Sunday I’m preaching part three in a series about growing our faith. I’ll be talking about spiritual discipline. Today I saw an article in the NYT that really highlights our need for private spiritual disciplines.

The article called “Dan Brown’s America” can be read at http://www.nytimes.com/2009/05/19/opinion/19douthat.html

“In the Brownian worldview, all religions — even Roman Catholicism — have the potential to be wonderful, so long as we can get over the idea that any one of them might be particularly true. It’s a message perfectly tailored for 21st-century America, where the most important religious trend is neither swelling unbelief nor rising fundamentalism, but the emergence of a generalized “religiousness” detached from the claims of any specific faith tradition.

The polls that show more Americans abandoning organized religion don’t suggest a dramatic uptick in atheism: They reveal the growth of do-it-yourself spirituality, with traditional religion’s dogmas and moral requirements shorn away. The same trend is at work within organized faiths as well, where both liberal and conservative believers often encounter a God who’s too busy validating their particular version of the American Dream to raise a peep about, say, how much money they’re making or how many times they’ve been married.”

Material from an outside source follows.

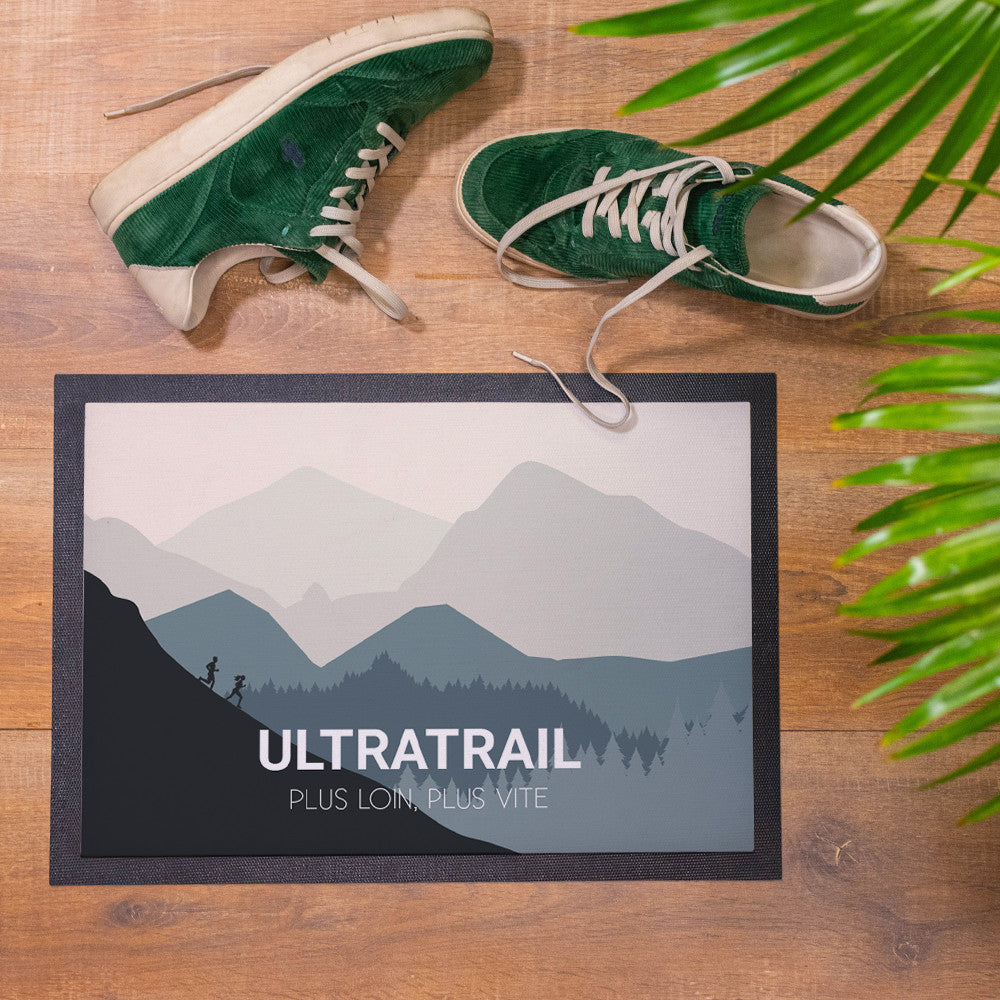 Paillasson Trail à Personnaliser Format 35 x 50 cm - Paillasson Personnalisé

Brown is explicit about this mission. He isn’t a serious novelist, but he’s a deadly serious writer: His thrilling plots, he’s said, are there to make the books’ didacticism go down easy, so that readers don’t realize till the end “how much they are learning along the way.” He’s working in the same genre as Harlan Coben and James Patterson, but his real competitors are ideologues like Ayn Rand, and spiritual gurus like Eckhart Tolle.”

If dying to yourself daily is what Christ calls us to…. Then then trend to focus more on self is what Christ calls us away from. Spiritual disciplines cause us to test if we are trusting ourselves or is our trust and confidence completely in Christ.

After reading an article like this, we can see that the church has gotten too far away from our private disciplines of faith.